You see, you can be anything: a person typing on a computer (eg me), a guy kicking a soccer ball and scoring a goal, or the guy flying to a space moon. But not these guys, no. they have to work at “Peterson’s and Sons and Friends”, making various “bits” and “parts” on an assembly line, answering phones and building a website that doesn’t work. Of course, the episode takes a dramatic turn for the worse, but like any fan Don’t hug me, I’m afraid he knows, the fun is in the simple surprise what go belly and how.
Like the original short series, Don’t hug me, I’m afraid it’s pretty much a series of self-contained episodes, each focusing on one form of “lesson” or another, whether it’s death and mortality, the importance of family, or just how to be a better friend. The show is still ruthlessly inventive, with everything from amorphous clay grabbers to psychedelic dream sequences that look like 2001: A Space OdysseyThe virtual ‘Stargate’ sequence was filtered through a Boschian ‘DeepDream’ generator.
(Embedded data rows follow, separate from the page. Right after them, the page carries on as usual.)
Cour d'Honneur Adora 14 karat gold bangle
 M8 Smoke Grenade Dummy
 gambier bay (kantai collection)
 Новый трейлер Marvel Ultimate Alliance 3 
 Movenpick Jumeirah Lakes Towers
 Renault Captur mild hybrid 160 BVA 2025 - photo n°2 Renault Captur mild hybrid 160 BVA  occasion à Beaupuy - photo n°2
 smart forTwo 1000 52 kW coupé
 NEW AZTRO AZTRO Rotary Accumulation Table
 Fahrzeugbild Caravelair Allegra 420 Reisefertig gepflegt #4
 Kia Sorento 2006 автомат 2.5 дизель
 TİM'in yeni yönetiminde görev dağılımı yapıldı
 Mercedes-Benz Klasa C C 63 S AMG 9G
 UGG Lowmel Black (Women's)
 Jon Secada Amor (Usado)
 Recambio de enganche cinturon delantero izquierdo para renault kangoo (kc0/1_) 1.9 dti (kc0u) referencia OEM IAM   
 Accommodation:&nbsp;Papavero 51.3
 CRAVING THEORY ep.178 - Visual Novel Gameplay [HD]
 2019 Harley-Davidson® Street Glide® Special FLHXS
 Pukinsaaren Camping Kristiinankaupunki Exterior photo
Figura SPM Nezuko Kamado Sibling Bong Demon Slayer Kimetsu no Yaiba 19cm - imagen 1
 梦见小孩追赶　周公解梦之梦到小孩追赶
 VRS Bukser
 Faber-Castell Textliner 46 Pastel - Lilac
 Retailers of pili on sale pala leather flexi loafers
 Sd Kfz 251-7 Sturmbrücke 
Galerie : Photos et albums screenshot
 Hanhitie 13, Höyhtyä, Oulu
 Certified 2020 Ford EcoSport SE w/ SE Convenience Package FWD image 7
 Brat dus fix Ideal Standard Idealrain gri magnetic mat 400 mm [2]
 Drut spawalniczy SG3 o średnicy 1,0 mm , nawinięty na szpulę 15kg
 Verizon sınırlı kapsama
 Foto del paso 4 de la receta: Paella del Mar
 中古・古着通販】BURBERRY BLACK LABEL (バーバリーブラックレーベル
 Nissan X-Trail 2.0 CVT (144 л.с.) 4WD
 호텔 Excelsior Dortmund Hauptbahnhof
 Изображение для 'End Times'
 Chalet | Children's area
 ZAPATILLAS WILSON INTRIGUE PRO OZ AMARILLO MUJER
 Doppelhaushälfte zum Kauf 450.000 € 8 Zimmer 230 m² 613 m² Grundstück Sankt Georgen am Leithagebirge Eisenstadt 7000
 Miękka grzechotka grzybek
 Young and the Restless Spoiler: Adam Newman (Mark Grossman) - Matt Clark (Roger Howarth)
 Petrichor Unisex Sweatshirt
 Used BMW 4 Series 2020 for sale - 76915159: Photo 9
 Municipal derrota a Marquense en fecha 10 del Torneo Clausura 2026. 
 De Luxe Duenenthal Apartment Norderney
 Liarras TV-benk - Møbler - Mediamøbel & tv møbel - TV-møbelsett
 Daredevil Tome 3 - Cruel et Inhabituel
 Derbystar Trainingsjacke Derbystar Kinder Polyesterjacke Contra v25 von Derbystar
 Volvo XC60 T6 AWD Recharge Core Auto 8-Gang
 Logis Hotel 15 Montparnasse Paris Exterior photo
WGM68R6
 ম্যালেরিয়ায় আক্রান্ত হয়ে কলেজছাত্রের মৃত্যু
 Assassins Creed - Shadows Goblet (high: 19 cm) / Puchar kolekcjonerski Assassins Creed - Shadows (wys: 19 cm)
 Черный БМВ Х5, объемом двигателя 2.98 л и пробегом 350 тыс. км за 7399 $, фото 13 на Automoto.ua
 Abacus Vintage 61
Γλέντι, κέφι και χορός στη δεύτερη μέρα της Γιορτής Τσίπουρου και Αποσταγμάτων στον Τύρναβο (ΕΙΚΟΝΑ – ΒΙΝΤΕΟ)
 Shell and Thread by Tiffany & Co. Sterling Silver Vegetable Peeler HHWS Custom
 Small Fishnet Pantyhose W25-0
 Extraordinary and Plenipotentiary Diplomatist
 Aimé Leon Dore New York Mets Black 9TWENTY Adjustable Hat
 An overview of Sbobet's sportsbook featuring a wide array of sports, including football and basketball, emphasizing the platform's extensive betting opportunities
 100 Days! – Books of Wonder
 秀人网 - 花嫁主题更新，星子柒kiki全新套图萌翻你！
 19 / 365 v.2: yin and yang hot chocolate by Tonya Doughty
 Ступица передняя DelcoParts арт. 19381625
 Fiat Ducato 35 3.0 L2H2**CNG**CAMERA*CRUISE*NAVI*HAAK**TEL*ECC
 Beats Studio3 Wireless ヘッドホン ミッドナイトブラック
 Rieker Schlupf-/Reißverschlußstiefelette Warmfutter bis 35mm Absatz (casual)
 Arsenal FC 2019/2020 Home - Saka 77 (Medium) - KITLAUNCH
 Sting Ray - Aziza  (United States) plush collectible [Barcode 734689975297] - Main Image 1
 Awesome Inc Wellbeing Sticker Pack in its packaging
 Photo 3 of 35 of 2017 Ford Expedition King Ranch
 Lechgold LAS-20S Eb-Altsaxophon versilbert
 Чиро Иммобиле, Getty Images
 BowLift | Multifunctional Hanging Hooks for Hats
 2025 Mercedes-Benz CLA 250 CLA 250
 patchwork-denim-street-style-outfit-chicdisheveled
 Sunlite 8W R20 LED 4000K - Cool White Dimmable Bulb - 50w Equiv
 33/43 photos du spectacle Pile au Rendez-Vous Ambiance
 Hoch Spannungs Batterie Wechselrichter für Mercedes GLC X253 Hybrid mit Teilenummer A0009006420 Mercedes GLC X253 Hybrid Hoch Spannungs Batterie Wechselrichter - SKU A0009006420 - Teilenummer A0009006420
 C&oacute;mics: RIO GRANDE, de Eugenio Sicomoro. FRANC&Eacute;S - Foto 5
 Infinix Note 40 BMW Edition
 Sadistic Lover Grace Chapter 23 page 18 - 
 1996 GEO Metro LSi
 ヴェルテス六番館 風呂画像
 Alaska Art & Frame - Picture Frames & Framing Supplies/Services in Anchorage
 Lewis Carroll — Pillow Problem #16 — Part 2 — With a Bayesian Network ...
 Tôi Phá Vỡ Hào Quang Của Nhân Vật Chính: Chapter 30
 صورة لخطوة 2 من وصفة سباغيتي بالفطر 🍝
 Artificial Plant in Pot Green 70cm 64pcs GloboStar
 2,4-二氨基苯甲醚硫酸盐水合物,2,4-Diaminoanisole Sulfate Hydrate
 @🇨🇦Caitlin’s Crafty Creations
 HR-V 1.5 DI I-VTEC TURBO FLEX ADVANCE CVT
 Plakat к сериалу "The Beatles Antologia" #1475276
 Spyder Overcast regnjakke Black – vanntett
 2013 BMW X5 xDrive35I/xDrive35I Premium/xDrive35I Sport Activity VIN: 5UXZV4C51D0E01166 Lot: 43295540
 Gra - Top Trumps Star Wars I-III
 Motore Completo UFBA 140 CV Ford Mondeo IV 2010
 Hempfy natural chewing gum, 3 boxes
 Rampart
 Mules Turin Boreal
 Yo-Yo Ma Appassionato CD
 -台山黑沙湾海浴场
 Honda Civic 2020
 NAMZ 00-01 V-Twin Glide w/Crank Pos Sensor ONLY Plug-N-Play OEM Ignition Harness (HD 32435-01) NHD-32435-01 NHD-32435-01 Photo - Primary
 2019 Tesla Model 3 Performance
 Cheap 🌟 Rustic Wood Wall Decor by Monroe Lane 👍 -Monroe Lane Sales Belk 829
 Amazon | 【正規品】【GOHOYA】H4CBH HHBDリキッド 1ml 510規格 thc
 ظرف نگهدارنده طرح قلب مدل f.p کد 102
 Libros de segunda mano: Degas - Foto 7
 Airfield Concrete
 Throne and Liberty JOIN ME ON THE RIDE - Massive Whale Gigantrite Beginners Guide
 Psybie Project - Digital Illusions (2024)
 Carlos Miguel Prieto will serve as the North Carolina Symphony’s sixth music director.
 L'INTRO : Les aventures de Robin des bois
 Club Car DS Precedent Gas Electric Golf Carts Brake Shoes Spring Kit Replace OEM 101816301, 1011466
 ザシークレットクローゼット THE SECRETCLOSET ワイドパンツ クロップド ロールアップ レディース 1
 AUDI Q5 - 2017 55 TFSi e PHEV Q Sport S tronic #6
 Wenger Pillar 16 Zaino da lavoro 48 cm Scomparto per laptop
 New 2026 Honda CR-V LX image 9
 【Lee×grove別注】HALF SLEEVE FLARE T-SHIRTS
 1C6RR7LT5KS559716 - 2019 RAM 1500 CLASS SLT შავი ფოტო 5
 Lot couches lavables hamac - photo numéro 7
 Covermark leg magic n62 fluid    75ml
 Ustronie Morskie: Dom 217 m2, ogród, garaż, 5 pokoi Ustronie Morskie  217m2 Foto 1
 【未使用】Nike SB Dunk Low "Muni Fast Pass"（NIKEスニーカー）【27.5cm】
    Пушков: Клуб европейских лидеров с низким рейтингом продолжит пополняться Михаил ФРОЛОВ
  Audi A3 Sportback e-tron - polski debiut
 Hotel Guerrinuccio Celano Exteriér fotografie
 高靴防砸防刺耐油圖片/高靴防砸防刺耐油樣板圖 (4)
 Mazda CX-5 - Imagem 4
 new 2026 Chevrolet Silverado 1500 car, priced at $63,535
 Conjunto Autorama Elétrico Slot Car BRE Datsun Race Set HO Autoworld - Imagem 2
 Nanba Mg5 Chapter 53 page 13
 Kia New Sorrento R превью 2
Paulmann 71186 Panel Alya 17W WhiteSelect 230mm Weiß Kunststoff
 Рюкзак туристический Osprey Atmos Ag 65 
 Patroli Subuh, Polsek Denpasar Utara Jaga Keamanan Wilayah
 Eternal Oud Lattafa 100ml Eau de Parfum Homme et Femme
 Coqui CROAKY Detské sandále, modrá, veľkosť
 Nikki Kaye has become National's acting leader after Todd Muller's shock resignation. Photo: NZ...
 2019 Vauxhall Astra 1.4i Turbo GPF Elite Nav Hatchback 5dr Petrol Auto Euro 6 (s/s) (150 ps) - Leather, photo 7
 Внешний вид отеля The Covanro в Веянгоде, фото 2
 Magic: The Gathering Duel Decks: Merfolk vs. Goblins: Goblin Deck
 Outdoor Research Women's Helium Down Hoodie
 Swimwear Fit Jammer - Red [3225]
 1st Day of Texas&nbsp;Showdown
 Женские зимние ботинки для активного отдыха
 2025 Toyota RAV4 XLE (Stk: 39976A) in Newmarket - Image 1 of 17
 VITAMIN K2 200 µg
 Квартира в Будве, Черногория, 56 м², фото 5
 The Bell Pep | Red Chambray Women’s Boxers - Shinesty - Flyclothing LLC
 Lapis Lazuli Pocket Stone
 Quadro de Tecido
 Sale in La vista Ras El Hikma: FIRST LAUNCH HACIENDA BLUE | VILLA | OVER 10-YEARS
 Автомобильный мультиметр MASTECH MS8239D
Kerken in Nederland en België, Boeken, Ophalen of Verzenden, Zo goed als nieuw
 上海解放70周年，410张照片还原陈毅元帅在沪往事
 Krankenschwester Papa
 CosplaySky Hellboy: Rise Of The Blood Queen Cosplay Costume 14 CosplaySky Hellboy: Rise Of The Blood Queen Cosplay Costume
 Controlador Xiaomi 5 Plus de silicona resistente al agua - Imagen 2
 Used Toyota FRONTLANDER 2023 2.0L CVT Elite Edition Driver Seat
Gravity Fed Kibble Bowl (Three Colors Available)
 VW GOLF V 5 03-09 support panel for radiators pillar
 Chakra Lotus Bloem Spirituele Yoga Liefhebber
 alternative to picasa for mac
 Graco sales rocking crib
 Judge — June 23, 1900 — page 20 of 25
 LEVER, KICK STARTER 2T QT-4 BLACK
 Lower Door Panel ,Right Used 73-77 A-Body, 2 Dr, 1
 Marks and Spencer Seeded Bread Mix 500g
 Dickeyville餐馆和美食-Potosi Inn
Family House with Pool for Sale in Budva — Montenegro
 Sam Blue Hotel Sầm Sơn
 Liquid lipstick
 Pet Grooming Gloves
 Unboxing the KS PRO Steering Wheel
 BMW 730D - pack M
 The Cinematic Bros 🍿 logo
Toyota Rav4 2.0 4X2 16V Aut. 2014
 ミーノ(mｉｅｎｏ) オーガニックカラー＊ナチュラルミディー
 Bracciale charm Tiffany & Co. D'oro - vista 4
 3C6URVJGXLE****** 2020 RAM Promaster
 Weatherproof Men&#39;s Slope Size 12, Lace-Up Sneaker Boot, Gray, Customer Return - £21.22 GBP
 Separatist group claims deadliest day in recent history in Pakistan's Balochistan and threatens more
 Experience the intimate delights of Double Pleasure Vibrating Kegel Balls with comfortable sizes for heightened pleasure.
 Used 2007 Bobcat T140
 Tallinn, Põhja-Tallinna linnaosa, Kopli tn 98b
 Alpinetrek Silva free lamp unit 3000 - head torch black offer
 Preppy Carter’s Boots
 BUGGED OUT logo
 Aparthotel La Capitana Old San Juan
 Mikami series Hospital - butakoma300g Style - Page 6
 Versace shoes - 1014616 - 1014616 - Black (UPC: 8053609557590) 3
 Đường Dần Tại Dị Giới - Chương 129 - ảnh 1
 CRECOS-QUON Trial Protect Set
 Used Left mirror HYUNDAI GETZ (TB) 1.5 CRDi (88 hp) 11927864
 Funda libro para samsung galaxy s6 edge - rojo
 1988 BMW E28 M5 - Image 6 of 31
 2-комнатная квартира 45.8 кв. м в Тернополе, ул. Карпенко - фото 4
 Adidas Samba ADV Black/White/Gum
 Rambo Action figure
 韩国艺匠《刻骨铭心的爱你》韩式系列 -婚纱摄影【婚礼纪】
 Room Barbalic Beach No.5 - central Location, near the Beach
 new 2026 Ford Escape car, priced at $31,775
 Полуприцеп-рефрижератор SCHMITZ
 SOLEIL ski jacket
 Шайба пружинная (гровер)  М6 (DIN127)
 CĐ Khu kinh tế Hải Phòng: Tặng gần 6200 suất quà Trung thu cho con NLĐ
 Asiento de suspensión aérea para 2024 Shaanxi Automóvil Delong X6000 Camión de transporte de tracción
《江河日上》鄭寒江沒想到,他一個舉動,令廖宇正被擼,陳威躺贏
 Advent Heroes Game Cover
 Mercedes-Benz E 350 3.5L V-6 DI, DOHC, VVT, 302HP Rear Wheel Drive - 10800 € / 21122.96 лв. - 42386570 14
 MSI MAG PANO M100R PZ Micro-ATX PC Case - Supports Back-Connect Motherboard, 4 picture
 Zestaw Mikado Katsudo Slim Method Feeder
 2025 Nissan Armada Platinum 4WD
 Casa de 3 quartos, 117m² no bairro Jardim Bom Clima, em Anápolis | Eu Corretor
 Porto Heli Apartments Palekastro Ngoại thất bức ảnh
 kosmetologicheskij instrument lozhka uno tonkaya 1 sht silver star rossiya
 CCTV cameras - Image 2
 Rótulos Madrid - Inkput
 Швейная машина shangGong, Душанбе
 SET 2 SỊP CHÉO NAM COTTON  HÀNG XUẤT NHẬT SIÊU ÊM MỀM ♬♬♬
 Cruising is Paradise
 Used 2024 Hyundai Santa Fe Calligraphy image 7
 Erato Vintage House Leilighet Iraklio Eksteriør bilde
Don’t hug me, I’m afraid is back, and the show hasn’t missed a beat in its transition from internet shock humor du jour to full-fledged animated series. Fans of the show will be thrilled, and newcomers will soon learn how hilarious (and terrifying) life’s most important lessons can be.
Don’t hug me, I’m afraid airs on Channel 4 in the UK and can be streamed online in the UK All 4.